PUBLIC UTILITIES - HAWAII

Matter of Hawai‘ian Electric Company, Inc.

Supreme Court of Hawai‘i - June 29, 2021 - P.3d - 2021 WL 2660470

Environmental organization sought review of Public Utilities Commission’s (PUC) decision to not re-open its order approving power purchase agreement (PPA) in which electric utility agreed to purchase wind energy generated on proposed wind farm.

The Supreme Court held that:

Supreme Court possessed jurisdiction, at a minimum, to rule on jurisdictional issue raised in environmental organization’s appeal of Public Utilities Commission’s (PUC) decision to not re-open its unappealed order approving power purchase agreement (PPA) between electric utility and wind energy generator following contested case proceeding in which organization was granted participant status, where objector asked Court to consider whether rule governing motions for relief from judgment or order provided authority to re-open PUC’s order due to substantially changed circumstances.
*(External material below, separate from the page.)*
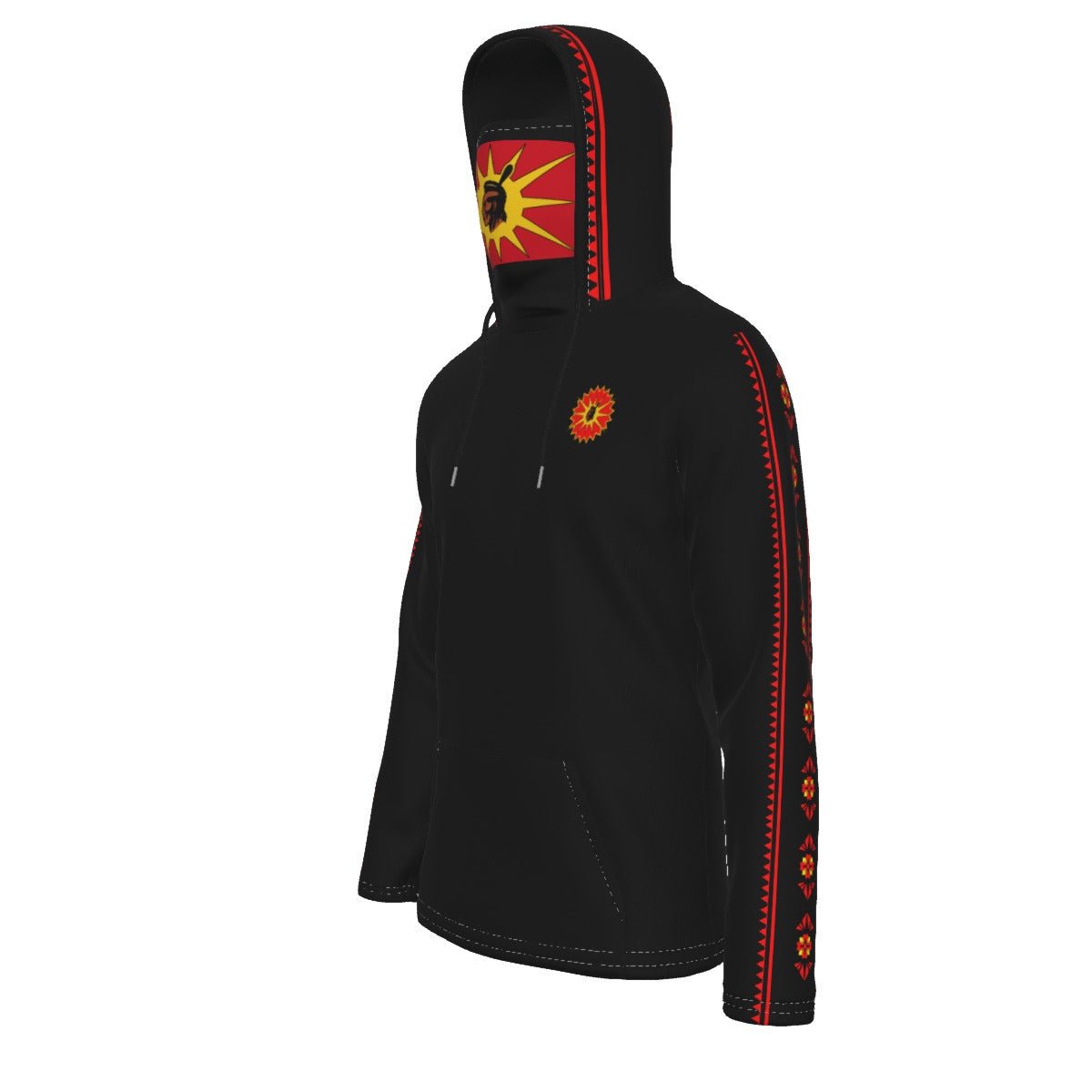 Warrior Native Mohawk Flag Fleeced Hoodie With Mask Indigenous - Nikikw Designs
Environmental organization’s request, made via the relief from judgment rule, to re-open Public Utilities Commission’s (PUC) order approving power purchase agreement (PPA) between electric utility and wind energy generator following contested case proceeding in which organization was granted participant status was not an impermissible collateral attack on order, where motion was submitted in same proceeding that generated the order.

Environmental organization was a “person aggrieved” with standing to appeal Public Utilities Commission’s (PUC) decision to not re-open PUC’s unappealed order approving power purchase agreement (PPA) between electric utility and wind energy generator following contested case proceeding in which organization was granted participant status, where organization’s motion for relief from the order was brought within the same proceeding.
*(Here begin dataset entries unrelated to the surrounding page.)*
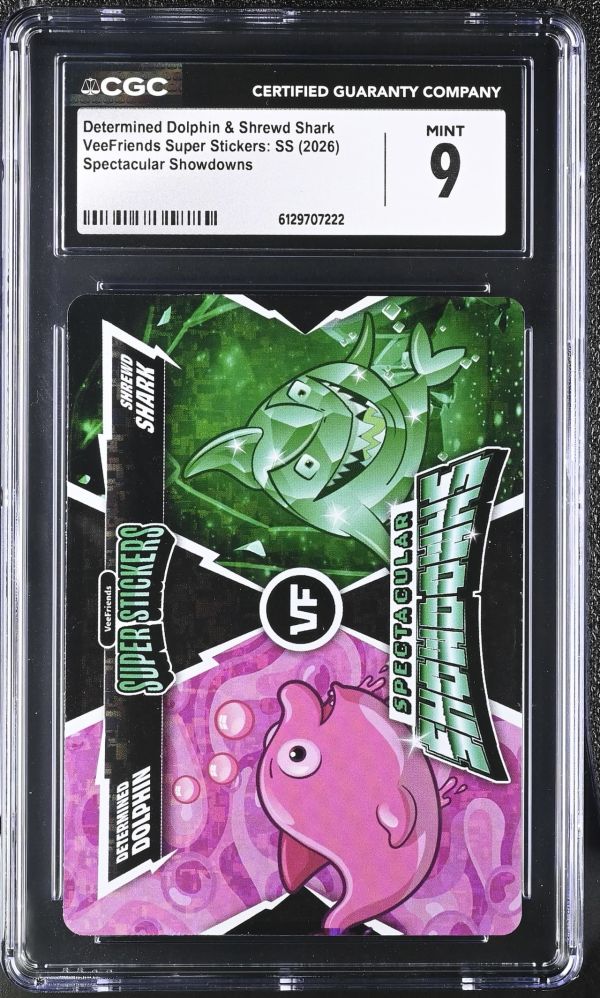 Image for Determined Dolphin & Shrewd Shark | VeeFriends Super Stickers: SS | Spectacular Showdowns | CGC 9
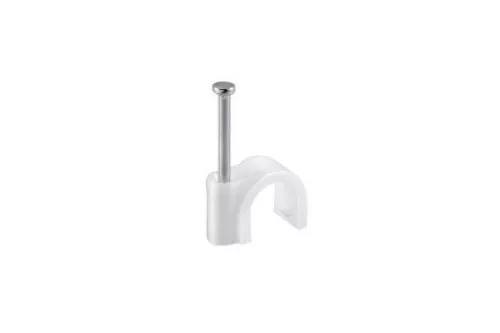 Cable clamps, white, for cable 7.3 mm, nail: 1.80 x 18 mm, quantity: 100 pieces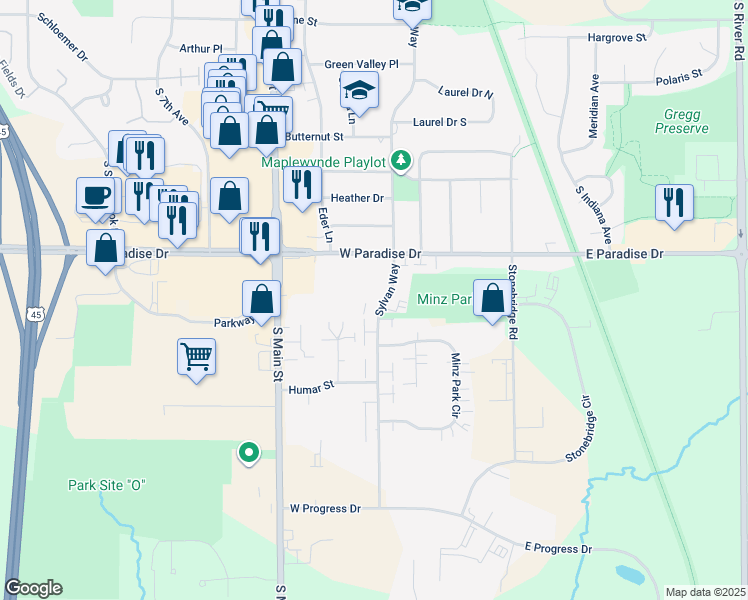map of restaurants, bars, coffee shops, grocery stores, and more near 2000 Sylvan Way in West Bend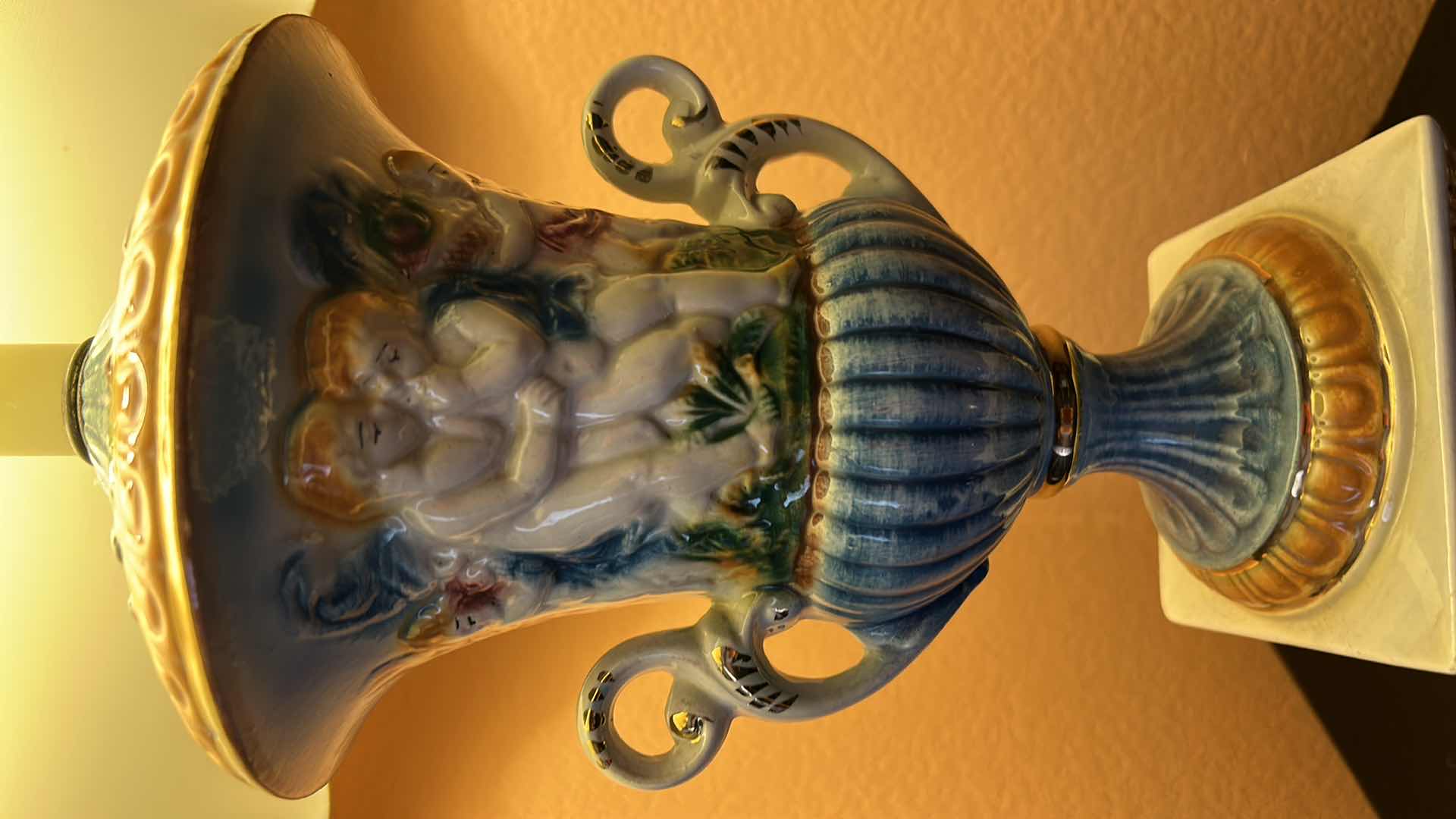 Photo 1 of VINTAGE VICTORIAN PORCELAIN LAMP W IVORY SHADE 34”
Public Utilities Commission (PUC) properly declined to use the relief from judgment rule, which was asserted by environmental organization that had participant status, as a basis to re-open PUC’s order approving power purchase agreement (PPA) between electric utility and wind energy generator in order to address impact of project on greenhouse gas (GHG) emissions, where absence of a GHG emissions analysis was readily apparent in order when it was filed, organization could have timely moved for rehearing or reconsideration of order, and organization also could have timely appealed order.
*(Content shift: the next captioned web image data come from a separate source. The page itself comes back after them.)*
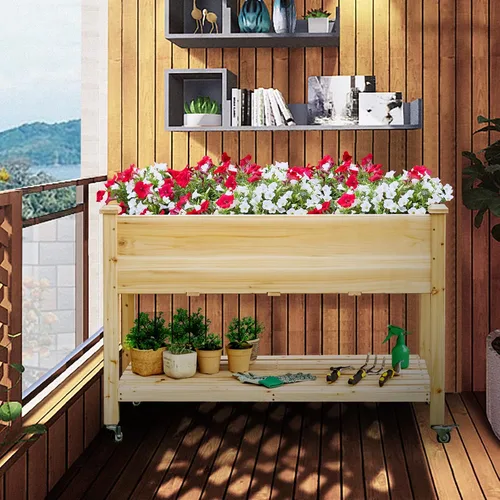 Vista 3 de COSTWAY Cama de jardín elevada con ruedas, maceta de madera con estante de almacenamiento para verduras, flores y hierbas, maceta elevada para patio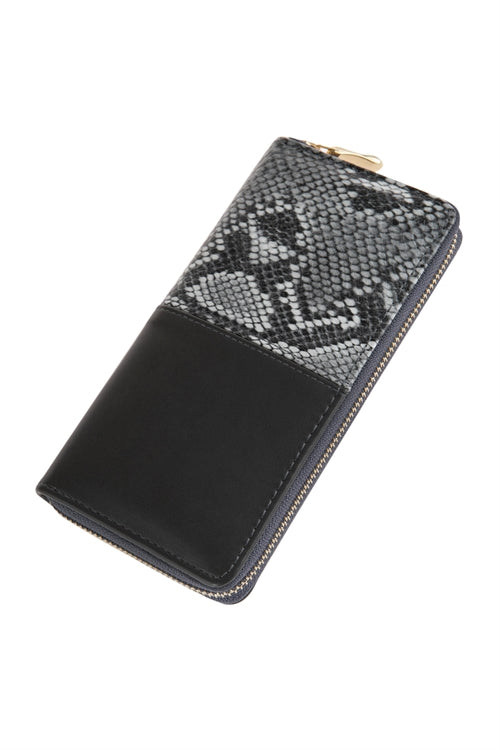Half Printed Snake Skin Single Zipper Leather Wallet / 6PCS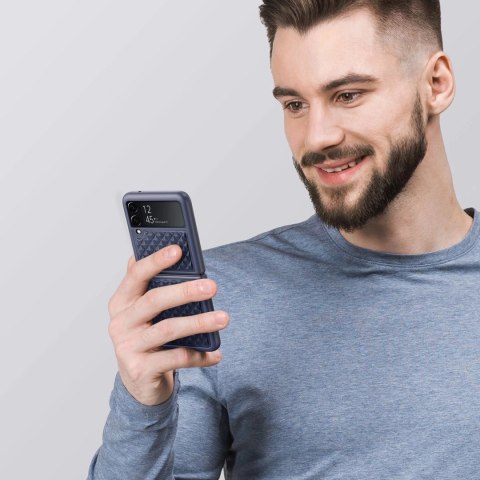 Dux Ducis Venice skórzane etui do Samsung Galaxy Z Flip 3 pokrowiec z naturalnej skóry niebieski
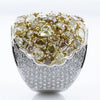 EXTRA LARGE 8.29CT WHITE & FANCY YELLOW DIAMOND 18KT WHITE GOLD MULTI SHAPE RING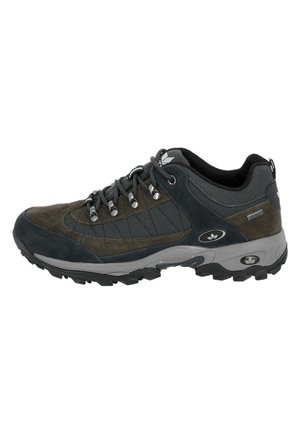 Gray and brown hiking shoe with a textured suede and synthetic upper, reinforced toe, metal eyelets, and rugged rubber sole for traction.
Any failure of electric utility or wind energy generator to timely obtain an incidental take license (ITL) over Hawai‘ian hoary bat did not void their power purchase agreement (PPA) and Public Utilities Commission’s (PUC) order approving PPA within meaning of the relief from judgment rule, and therefore PUC was not required to re-open its order, via that rule, pursuant to request of environmental organization that had participant status in contested case proceeding; the “voiding” of PPA and PUC’s order that organization sought to prove did not involve defects in jurisdiction or a due process violation.

Blog article from popular science magazine summarizing Department of Energy’s (DOE) report that wind energy prices nationwide had fallen did not provide extraordinary circumstances necessary to re-open Public Utilities Commission’s (PUC) order approving power purchase agreement (PPA) between electric utility and wind energy generator on the basis, under the relief from judgment rule, that it was no longer equitable for order approving higher wind energy prices to have prospective application, where Hawai‘i was excluded from DOE’s report due to unique issues facing wind development in state.